--- Source data Enclosed Below ---
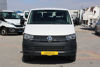 2018 MODEL TRANSPORTER Ç.KABİN 5+1 AÇIK SAÇ KASA KAMYONET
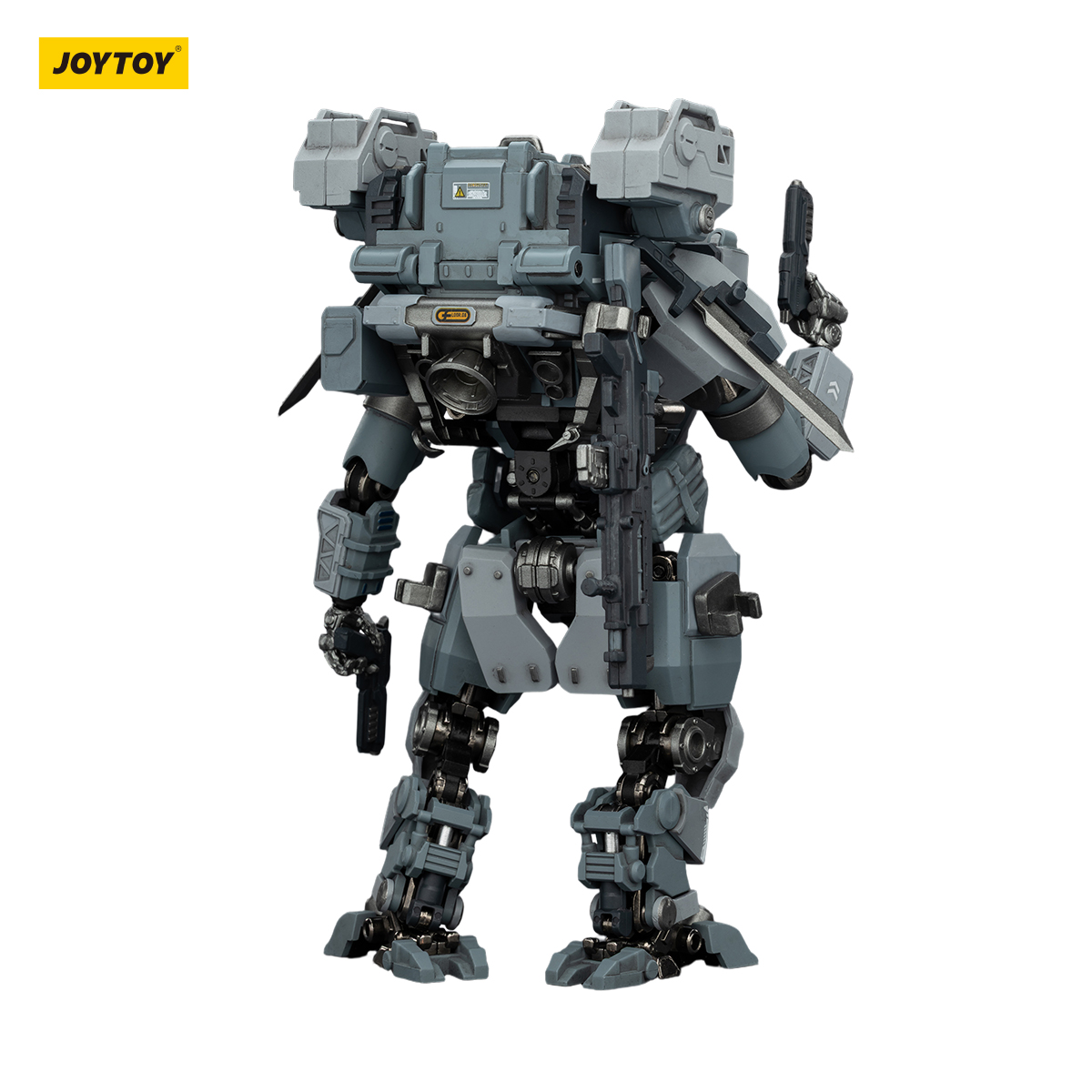 JOYTOY 1/25 Action Figure Seri - Model Kit Eighty Six ulasan dan harga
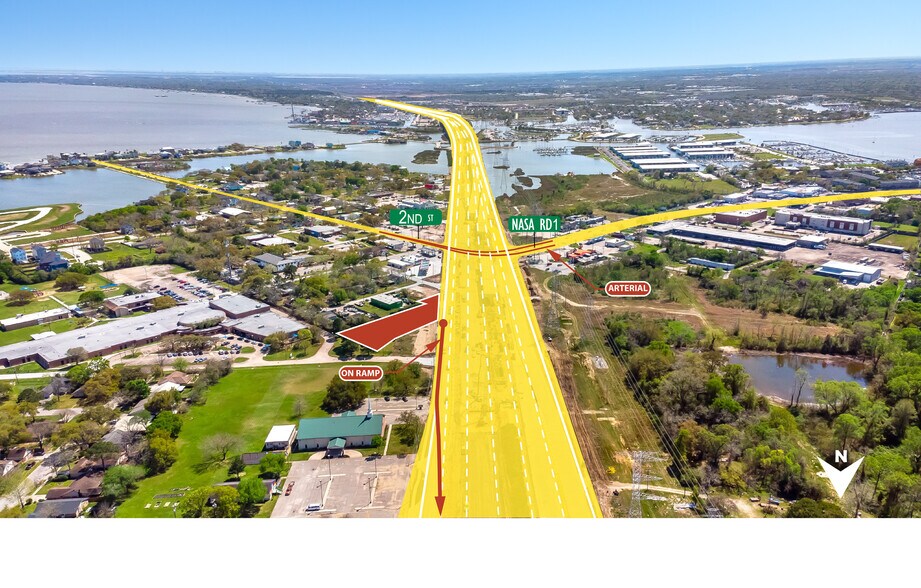 More Photos Of 1408 Bayport Blvd, Seabrook Land For Sale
--- End of Enclosed Source data ---
**What is being asked**
Once the pictures are dropped, repeat the data above exactly.

**Solved exercise**
 2018 MODEL TRANSPORTER Ç.KABİN 5+1 AÇIK SAÇ KASA KAMYONET
 JOYTOY 1/25 Action Figure Seri - Model Kit Eighty Six ulasan dan harga
 More Photos Of 1408 Bayport Blvd, Seabrook Land For Sale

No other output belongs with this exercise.